Data to examine
::::
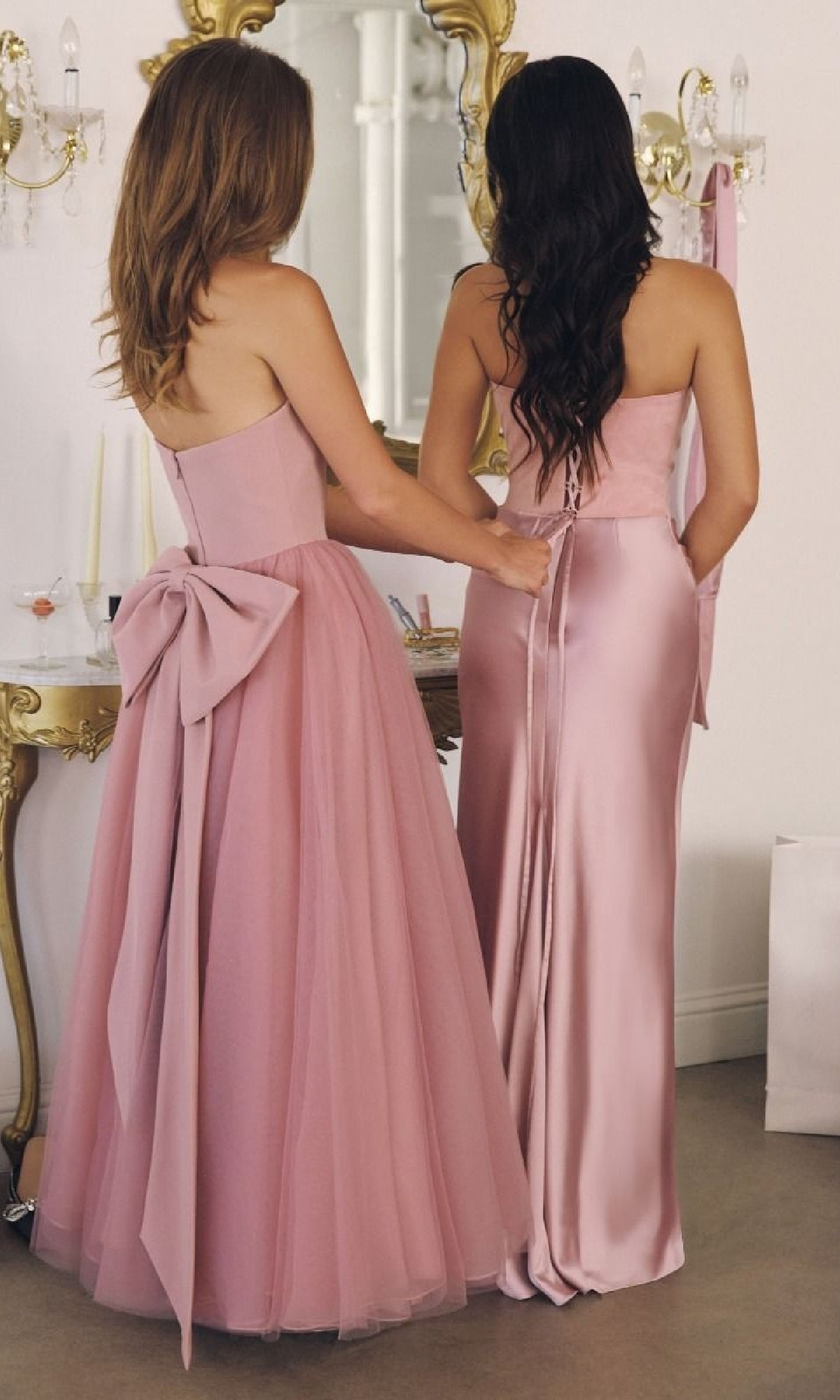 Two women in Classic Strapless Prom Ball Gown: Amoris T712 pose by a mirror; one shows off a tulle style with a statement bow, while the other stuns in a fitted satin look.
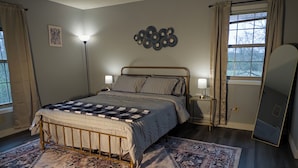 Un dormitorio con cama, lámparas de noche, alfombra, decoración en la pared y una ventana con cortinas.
::::
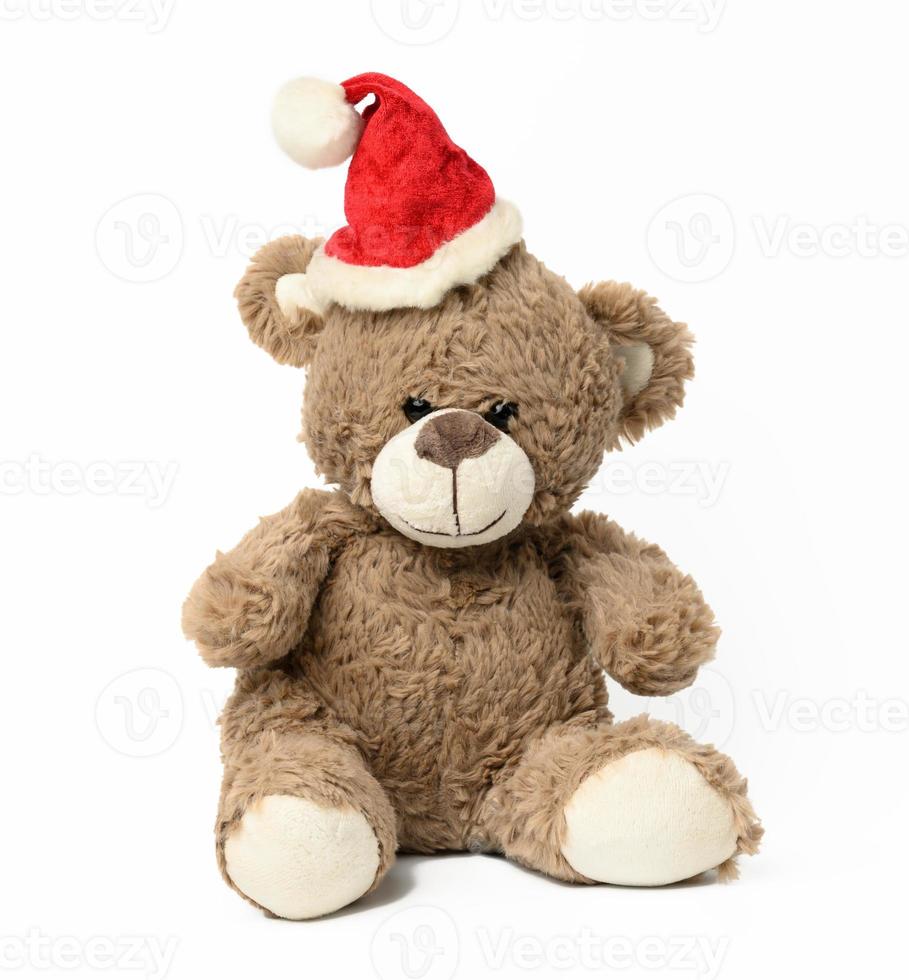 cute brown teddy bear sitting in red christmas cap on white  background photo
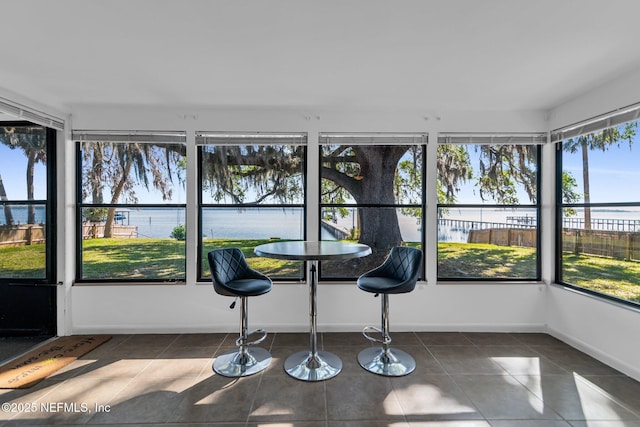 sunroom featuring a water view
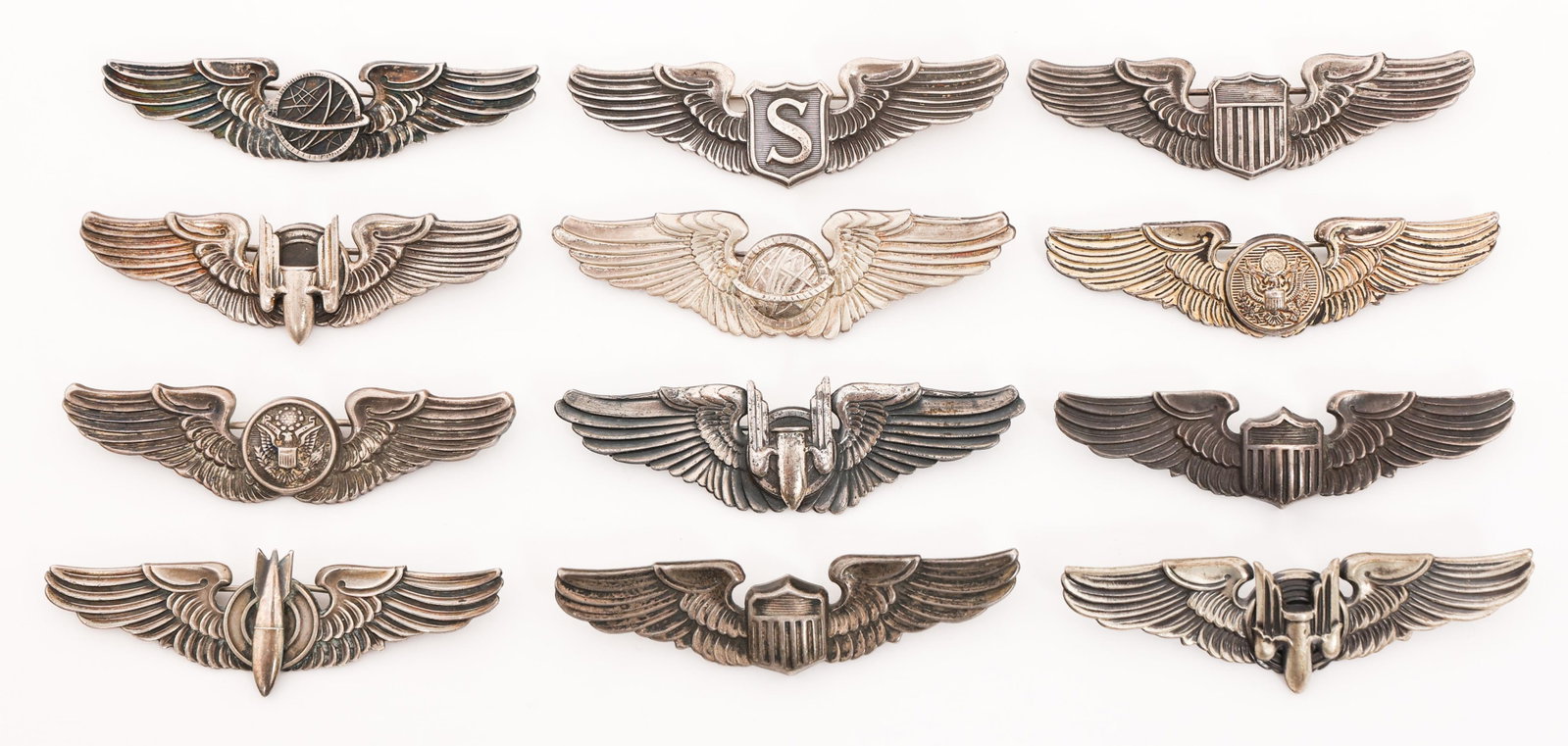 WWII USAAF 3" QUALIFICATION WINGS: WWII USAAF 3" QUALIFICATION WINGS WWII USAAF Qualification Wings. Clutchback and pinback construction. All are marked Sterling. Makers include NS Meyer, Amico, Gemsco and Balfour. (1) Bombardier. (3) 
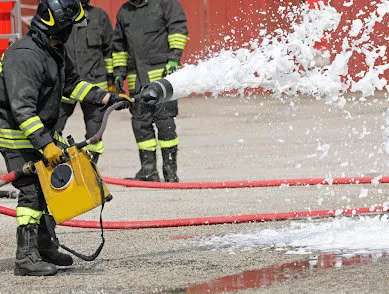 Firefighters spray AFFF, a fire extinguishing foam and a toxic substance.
::::
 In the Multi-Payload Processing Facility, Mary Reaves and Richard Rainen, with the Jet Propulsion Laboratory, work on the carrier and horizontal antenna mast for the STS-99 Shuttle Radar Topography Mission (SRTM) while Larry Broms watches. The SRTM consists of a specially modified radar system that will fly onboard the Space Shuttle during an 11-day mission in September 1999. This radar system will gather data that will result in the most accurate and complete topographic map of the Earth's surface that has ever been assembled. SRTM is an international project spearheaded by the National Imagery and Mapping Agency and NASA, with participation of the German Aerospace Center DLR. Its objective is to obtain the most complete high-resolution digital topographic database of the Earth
::::
What needs to be done
Please return the data above exactly as it stands from the line with "cute brown teddy" to the line with "Firefighters spray AFFF, a", keeping both of those lines but none of the pictures.

Output of the task
 cute brown teddy bear sitting in red christmas cap on white  background photo
 sunroom featuring a water view
 WWII USAAF 3" QUALIFICATION WINGS: WWII USAAF 3" QUALIFICATION WINGS WWII USAAF Qualification Wings. Clutchback and pinback construction. All are marked Sterling. Makers include NS Meyer, Amico, Gemsco and Balfour. (1) Bombardier. (3) 
 Firefighters spray AFFF, a fire extinguishing foam and a toxic substance.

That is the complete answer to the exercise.